It’s a given that conventional mailboxes will be a lot less crowded in the new millennium. Consider the following items:
The Internet could eventually usher in a day when almost all those envelopes will contain advertisements, and the majority of mail people really care about will come in packages. The rest – letters, bills, money, and even photographs – will arrive through the computer, mail experts agree. Already, according to Jupiter Communications, Americans are sending 122 billion e-mails annually, more than half the number of pieces of mail that the Postal Service handles each year. – New York Times, Nov. 14, 1999
The Government Accounting Office testified before the House Postal Service Subcommittee that by 2003 the USPS will lose $17 billion as a result of a decline in first class mail volume. This represents 27% of its total revenue. – Direct Marketing Association, Talking Points on Postal Reform
This smoking evidence indicates that the Postal Service will certainly face problems – or even disaster – in the next decade should the volume of first class mail plummet. Thus it would seem that logic would prevail and the task of addressing postal reform and fixing the problem of losing mail volume would now move ahead.
As catalogers, our own interests are clearly at stake, since it seems certain that flats/Standard A postal rates will have to rise just as dramatically as first class volume and revenue decline. For many catalogers, increased postal rates would mean fewer and smaller mailings, which would then cause a further downward spiral in USPS volume, and then even higher rates…a doomsday scenario.
But true postal reform, to quote an anonymous expert in Washington, is “as unlikely as ice in hell.” Moreover, this expert noted that as it stands, the Postal Modernization Act (H.R. 22), the postal reform bill sponsored by Rep. John McHugh (R-NY), is almost useless in solving the problem. H.R. 22 has gone through so many revisions and compromises to make it palatable to various parties that the original postal reform concept has become watered down.
So what went wrong?
The key concept in postal reform had been that the USPS would operate like private enterprise, setting its own course in a newly established competitive environment. It sounded great, but the idea was a huge leap of faith and a big risk. When souls were searched, there was little faith that a long-standing semigovernmental bureaucracy such as the USPS could transform itself into a private enterprise.
Every industry interest group, including our own DMA and the Advertising Mail Marketing Association (AMMA), feared that their postal rates were at risk and sought safeguards in the legislation. The result was H.R. 22, a bill that no one loved enough to really fight to get it passed.

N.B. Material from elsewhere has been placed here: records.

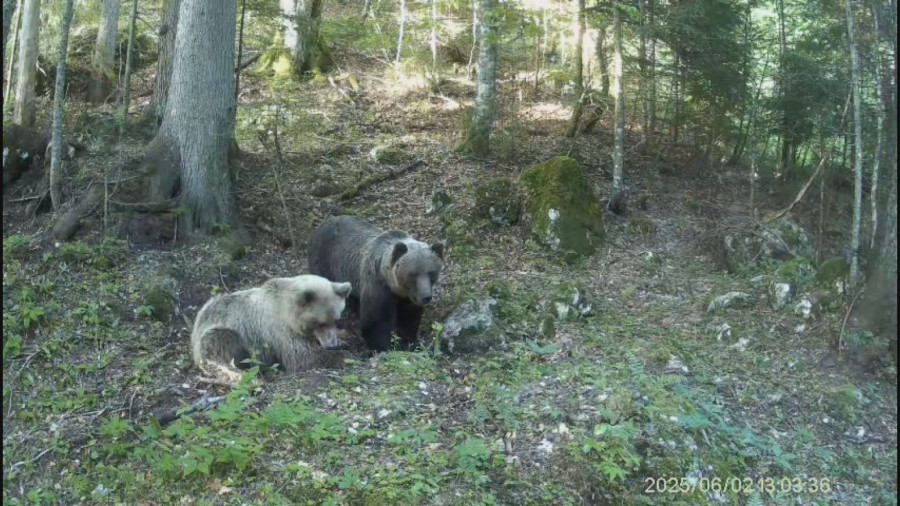 Šumski gorostas težak 162 kilograma uočen na Durmitoru: Preko noći prepešači desetine kilometara FOTO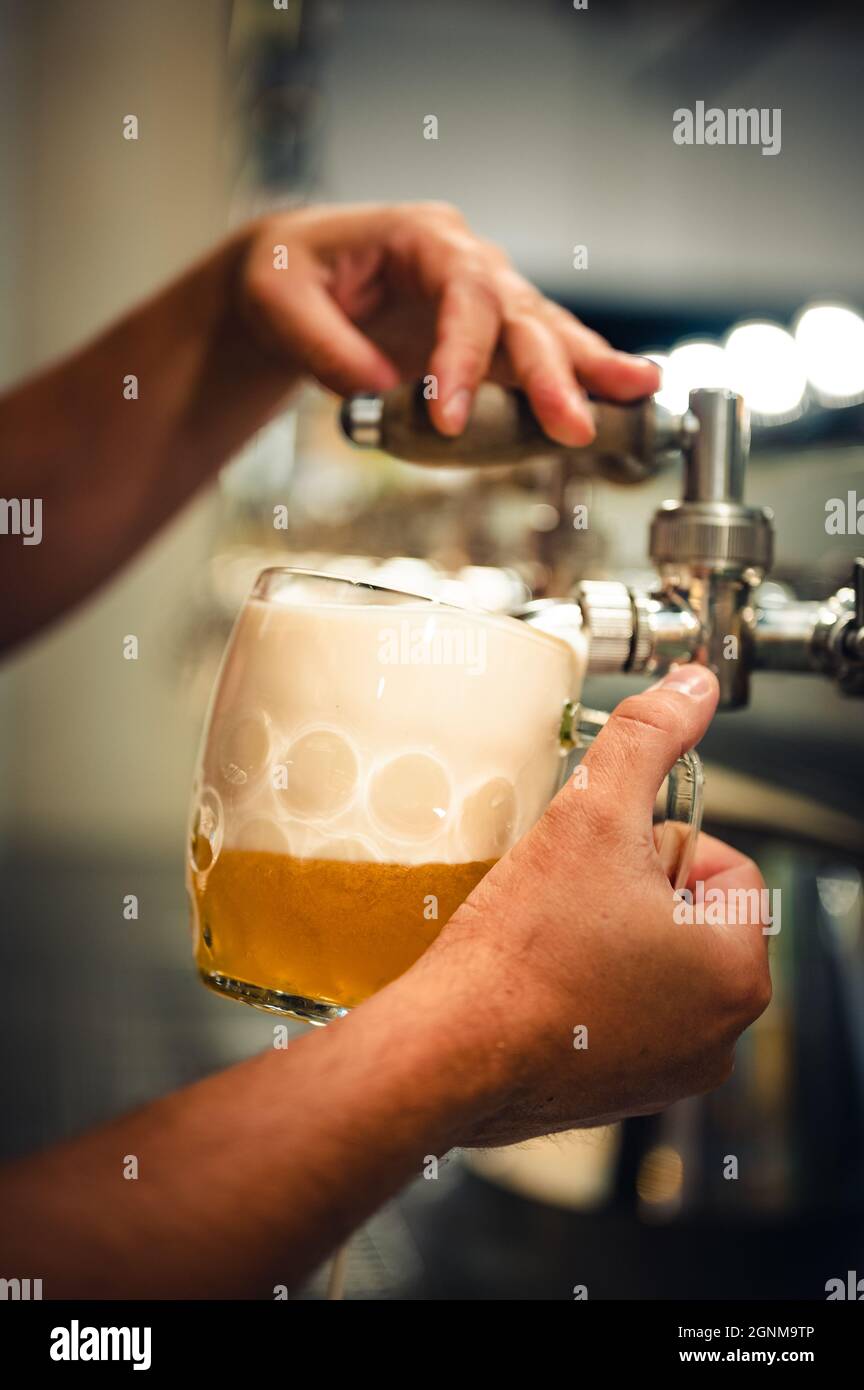 Erfahrener Barkeeper, der Bier vom Fass in ein Glas gießt. Pilsner (auch Pilsener oder einfach pils) in einem Glas . Stockfoto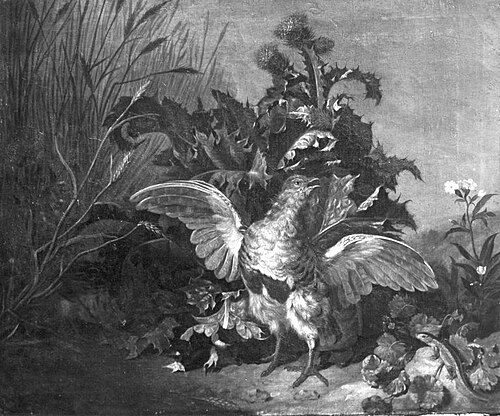 Jagdstück mit Rebhühnern, 1749, Daniel Hien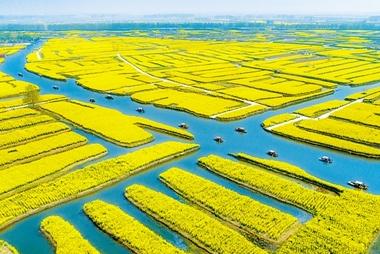 农业技术发展现状中的不足,现代农业技术发展现状和前沿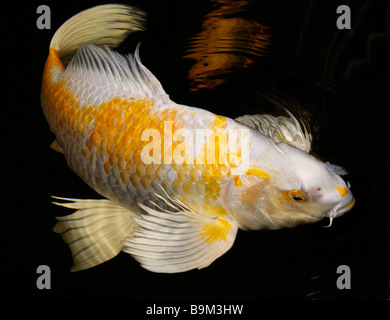 Weiße und gelbe Yamabuki Hariwake Butterfly Koi-Karpfen schwimmen im Teich in der Nacht Stockfoto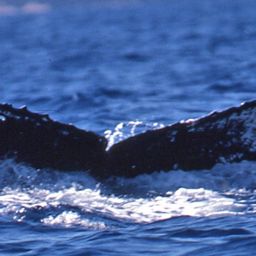 Fluke of PWF-NP_1538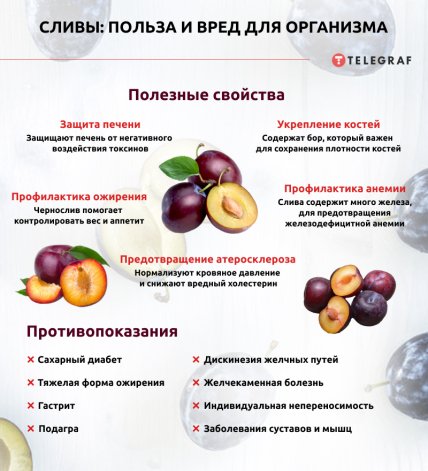 Польза и вред слив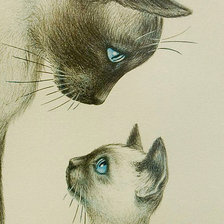 Схема вышивки «Серия "Домашние любимцы"»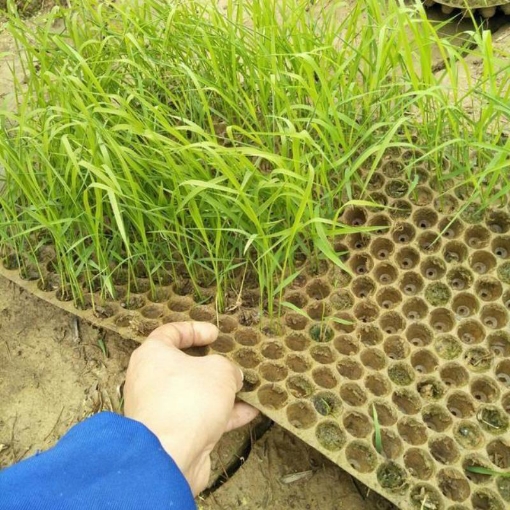 Ảnh của Khay gieo mạ ném, Khay gieo mạ tiện dụng KGM-N6133, Khay gieo lúa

In fact, some industry observers have called H.R. 22 “better than no reform at all.” That’s hardly inspiration to take on the long and expensive fight required to overhaul the U.S. Postal Service. And it didn’t help that several well-financed opponents were waiting to do battle against H.R. 22 – including parcel carriers, publishers, and unions.
Our white knight and champion of postal reform, Rep. McHugh, must sense the weak commitment of the compromise coalition. A loss in a floor vote on H.R. 22 could hardly help his reelection. What’s more, I suspect there’s a strong possibility that McHugh will move on to a more “important” – that is, a more desirable, more voter-friendly – committee than postal if he’s reelected this year.
Sounding the alarm
Moreover, our own DMA members have shown little interest in postal reform. At the DMA annual conference and exhibition in Toronto this past October, the DMA staffed an information center on the topic, but few of the delegates visited. I note also that the topic of postal reform keeps moving lower and lower on the agenda of the DMA board and on other committee agendas.
It now seems that it will take more than heavy smoke to realize reform. Perhaps only a raging fire – a postal disaster such as 30%-plus rate increases in Standard A mail and flats – will encourage reform. Some catalogers may not blink at the prospect of such rate hikes, betting that Internet marketing will provide salvation by reducing our dependency on catalog mailings. But most of us know that’s not the case.
I, for one, am sad to admit that we cannot rally enough interest and support in our own direct marketing ranks to realize postal reform before the fire. If anyone shares my opinion, call Bob Wientzen at the DMA (212-768-7277) and Gene Del Polito at the AMMA (703-524-0096) and tell them so. Your silence only confirms your acceptance of much higher USPS rates to come.